Does anyone have any info/ experience of what is known as the Beckham Rule re tax....apparently this is a loophole allowing expats to restrict tax to a lower rate for five years. Is it still allowable? Thank you!!


----------



## extranjero (Nov 16, 2012)

If you Google Beckhams Law, tax in Spain you will get loads of info.
Wikipedia seems straightforward.
Having said that though, I still don't really understand it


----------



## xabiaxica (Jun 23, 2009)

Pippa33 said:


> Morning everyone!
> Does anyone have any info/ experience of what is known as the Beckham Rule re tax....apparently this is a loophole allowing expats to restrict tax to a lower rate for five years. Is it still allowable? Thank you!!

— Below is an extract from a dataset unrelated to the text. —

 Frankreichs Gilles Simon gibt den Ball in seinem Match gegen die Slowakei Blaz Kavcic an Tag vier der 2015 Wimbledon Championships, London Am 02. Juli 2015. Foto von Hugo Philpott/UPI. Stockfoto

the advice on this website is usually spot on Beckham's Law survives


----------



## Pippa33 (Sep 27, 2014)

Thank you everyone....very helpful!!


----------



## JL321 (Mar 23, 2012)

I had no idea about the Beckham Law until I saw this thread. It is a potentially big difference for me (not so much in terms of total money, but more in terms of what works for me). 

It isn't clear to me what happened in June 2014 though. Was the law abolished or amended to limit its application to incomes of under EUR 600,000?

In short, I no knowing about taxes. As I consider my options regarding a move to Spain I figured out what my tax estimates were based on the standard regulations. However, if I could use the Beckham Law it could be the difference between whether I can afford to make the move or not. 

Any additional knowledge on the subject would be appreciated.


----------